Когда утром 4 августа 1914 г. учитель, работавший вместе со мной в школе, бледный как полотно сказал мне: «Сегодня ночью англичане объявили нам войну!», я подумал: Вот теперь история становится для нас современностью. Но что такое политика, я понял во время войны лишь медленно и с трудом. Канцлер Бетман и партийные вожаки не были образцами политиков. Когда я летом 1916 г. после недолгой и отнюдь не героической службы вернулся из казарм, я с жадностью набросился на работу, впервые сблизив друг с другом идеи, действительность и практические задачи. С этого началось для меня преодоление эпигонского позитивизма, а также не и менее эпигонского неоидеализма, так как я понял, что политика это организация жизни народа, история в процессе становления, воплощение живого смысла и проявление характера. Но после пришлось преодолевать еще многие «идеалистические» рецидивы. Мой путь вел от идеологии к такой картине истории, которая формирует действительность и человека и указывает дорогу в будущее. Но достигнув прорыва в одном направлении, я на другом отступал. До окончательной победы было еще далеко.
Документом моего неоидеалистичесокого периода является моя первая работа «Личность и культура», вышедшая в свет после шести лет работы параллельно с преподаванием в школе по 28–30 часов в неделю. Работа была для меня одновременно учебой: я самоучкой прошел академический курс.
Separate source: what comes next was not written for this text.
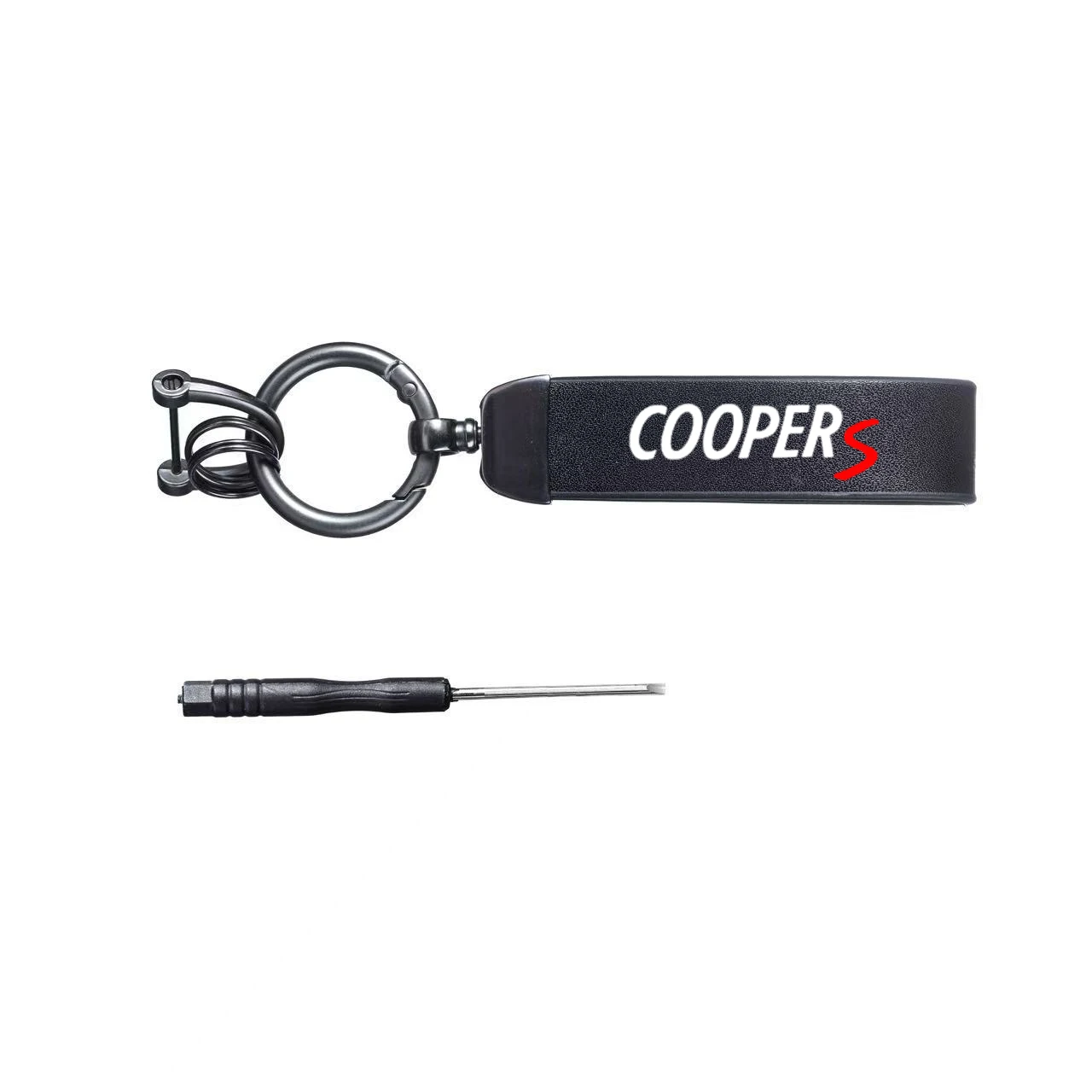 COOPERS  style motorcycle carbon fiber leather and luxury suede keychains, horseshoe buckles, and jewelry buckles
Мои формулировки были незрелыми, но в зародыше они содержали все, что было изложено мной более четко позже, в период с 1914 по 1940 год, в частности, в книге «Человек в истории».
Достопамятный факт: молодой, неизвестный учитель народной школы из Мангейма, который до того не напечатал ни одной строчки и не имел никаких «связей», сумел привлечь внимание общественности своей книгой, до сих пор остающейся самой большой из написанных мною.